The Laser Listener - Espionage Technology for $ 3

Hundreds of yards away, in the dark of night, behind elaborate security and a pane of glass, a conversation ensues which will determine your future. (Just humor). Suppose you wanted to hear what was going on. What you need is a laser window-bounce sound reconstitution device. You could spend thousands of dollars on one, or you could head to radio shack with a couple $ 1 bills. This is how it works: In a microphone, sound waves (differences in the pressure of air) cause a diaphragm to vibrate back and forth, altering its resistance to an electric current. When an electric current passes through said diaphragm, the output forms a complex signal which can then be reinterpeted by speakers or a recording device as sound.
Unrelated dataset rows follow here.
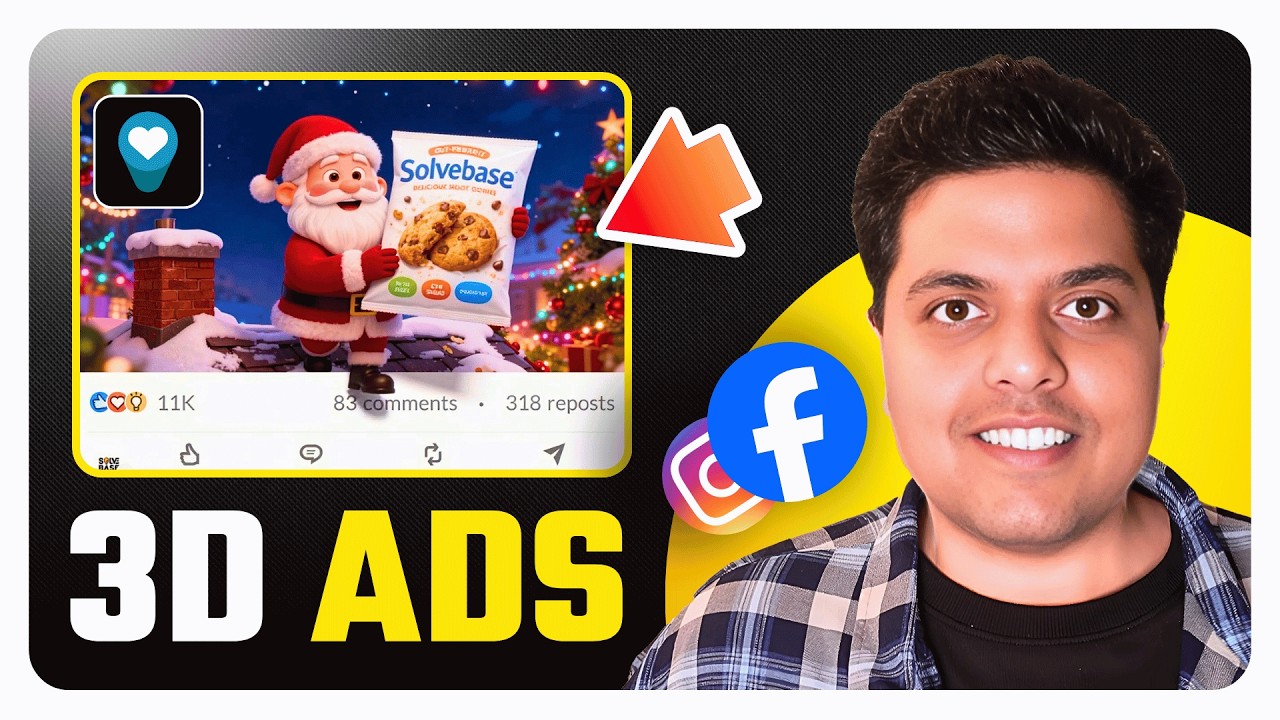 How To Make 3D Animated Social Media Ads with AI (Facebook, Instagram, Linkedin, etc)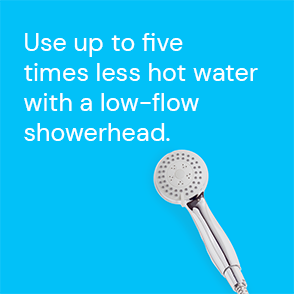 An ActewAGL Energy Saving Tip using low - flow showerheads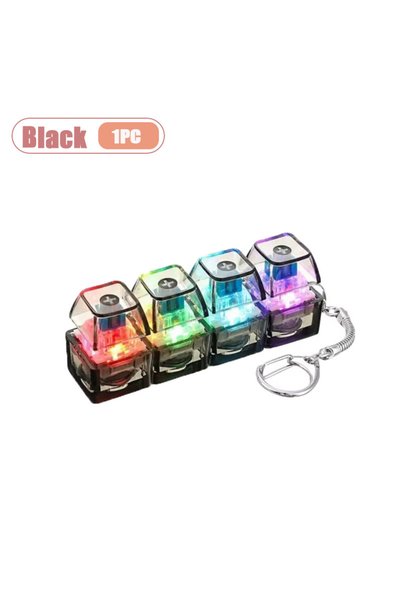 Choice Black-1PC Mechanical Keyboard Switch Tester Keychain Fidget with LED L...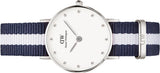 Daniel Wellington Classy Glasgow White Dial Two Tone NATO Strap Watch For Women - DW00100074 Buy Now By Daniel Wellington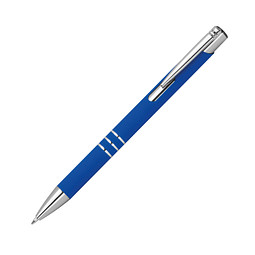 Softtouch-Kugelschreiber Semi Gel, blau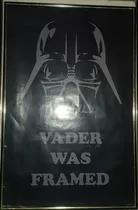 Star Wars: Cuadro Con Poster Darth Vader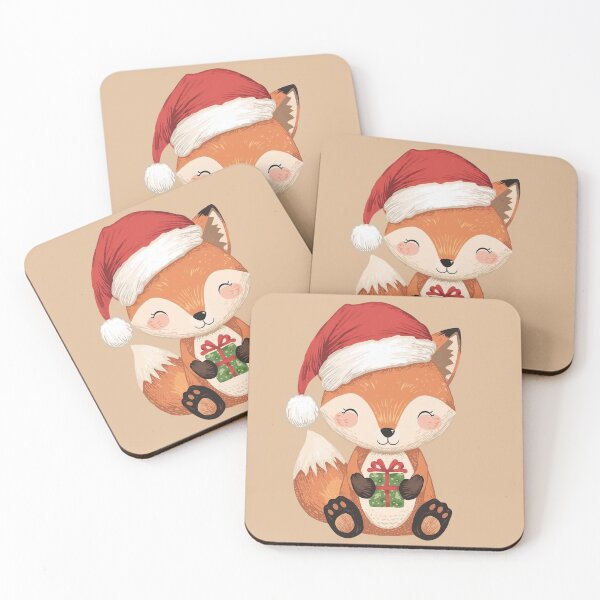 Item preview, Minimal Christmas Fox – Cozy Festive Vibes designed and sold by BukJus.
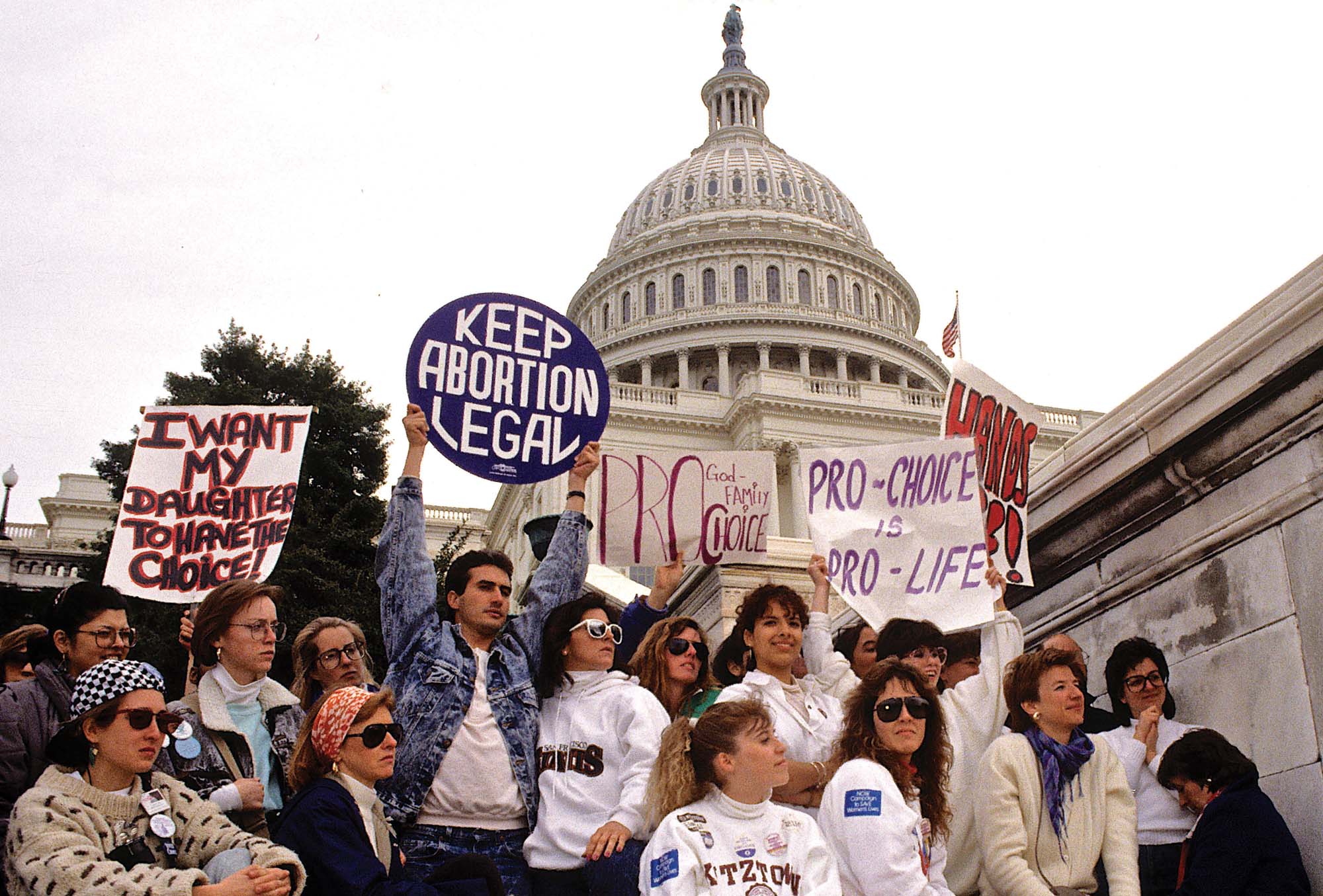 April 1989, when more than 300,000 pro-choice demonstrators marched in Washington, DC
The device shown here works in a very similar way. Sound bounces off of a window, causing miniscule vibrations (acting like the microphone's diaphragm). Click for Crude Diagram When a laser is trained on the window, its reflection will vibrate with the sound. The laser's reflection, if converted to an electrical signal can now be recorded as sound. I will outline how I made my own (cost me $ 3, hope yours is the same or less) - the technically savy among you will spot the countless variations possible on this basic idea.

The Laser

You need:

  1. 1 Pair of old headphones
  2. A laptop or other device capable of recording sound from a 1/8" jack
  3. 1 package of Cadmium Sulfide Photocells from Radioshack
  4. Soldering Equipment
  5. Laser Pointer (red or green is fine, infrared would be extremely difficult to detect by the surveiled yet would also be difficult to use, at first)
  6. Tripod or two
  7. Room with window and a conversation

The Laser Listener

How To:

  1. Cut the wire free from the old pair of headphones.
  2. Solder a cadmium sulfide cell onto the headphones to form a circuit where the cell acts as a resisor.
  3. Aim the (stabilized) laser at (the center of a large) window, and position the reflected dot onto the (stabilized) photo cell. Using a (stabilized) lens, focus the laser's beam onto the cell. If during the day, shade the photo cell from sunlight by placing it at the back end of a dark tube, so that only the laser will reach it.
  4. Plug the headphone wire into your recording device, make sure there's some action inside the room, and begin recording.
  5. Post editing: grab your favorite sound editing software, and play around with it, until through "denoising", "dehissing", and boosting the volume up, the conversation becomes clear. Alternatively, a circuit can be constructed to do this analog, before the signal reaches the recorder (which may be helpful for real-time listening).